6. ``Pursue process development jointly with product development; reduce number of parts and, thus, assembly time.''

Japan's leverage on speed, credited to its better pursuit of process development, is now `history'. Indian enterprises can gain enormously by streamlining process flows through process design/ redesign/ reengineering. Design for manufacturability and assembly (DFMA) can be of great help in reducing the number of parts. Lucas-TVS, for example, applied DFMA on its new product and reduced parts in one sub-assembly by 56 per cent.

7. ``Resort to more outsourcing; establish close partnerships with fewer number of suppliers of modules and systems.''

Outsourcing has globally emerged cost-and time-effective for several processes, such as maintenance, info-tech, logistics, customer support and design. The trend in the coming decade will also be in larger and steady-flow transactions with fewer Tier I suppliers of modules & systems. Illustratively, Delphi Automotive Systems in the US delivers 12 completed cockpit modules _ each assembled from 145 parts _ to the Mercedes Benz assembly-line every 30 minutes.
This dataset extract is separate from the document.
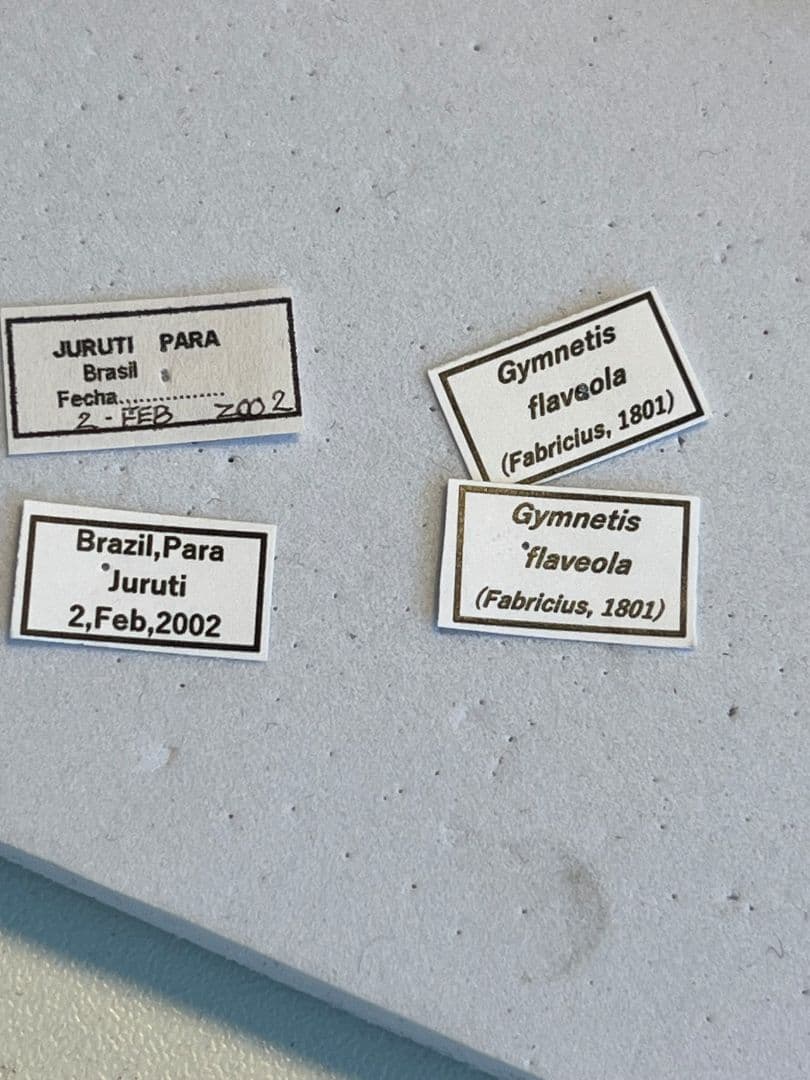 24mm】カスミアヤヒシムネハナムグリ 標本 カナブン プラチナコガネ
8. ``De-mystify process value analysis across the organisation; excite your people to improve value added ratios.''

Involving employees in quicker response, individually and in teams, can be highly rewarding. Training people to think and `map' their process `as IS' and to assess their actual value-adding to the end-customers will beget their suggestions for reducing `waste'/non-value-adding activities.

9. ``Track progress of cycle time reductions visibly; celebrate short-term successes, through an enlarged `basket of values', to recognise the achievers.''

By displaying visibility charts on cycle times and updating them constantly, the people involved in the process get their quick feed-back as well as instant recognition; it will spur them on to strive for further gains. Whirlpool India, for example, developed a culture to recognise and reward successes through multiple ways, such as recognition cards, get-togethers and awards.

10. ``Sustain holistic fast cycle time initiatives `all in sync' in becoming a QRO; Accelerate organisational learning through more learning cycles.''

As the saying goes: ``The more we do, the more we can do.'' As enterprises gain competence and confidence in effecting a 50 per cent cycle time reduction in all their processes, on average, during the first three years, they will get impelled to work for 80 per cent reduction and go on to 90 per cent and more reduction in the next five years or so. Their learning cycles will proclaim that there is no end to improvements; with their assimilation of organisational learning, they will take on Fast Cycle Time as a way of life and compete far better !

(Hindu Business Line 8th September 1999.)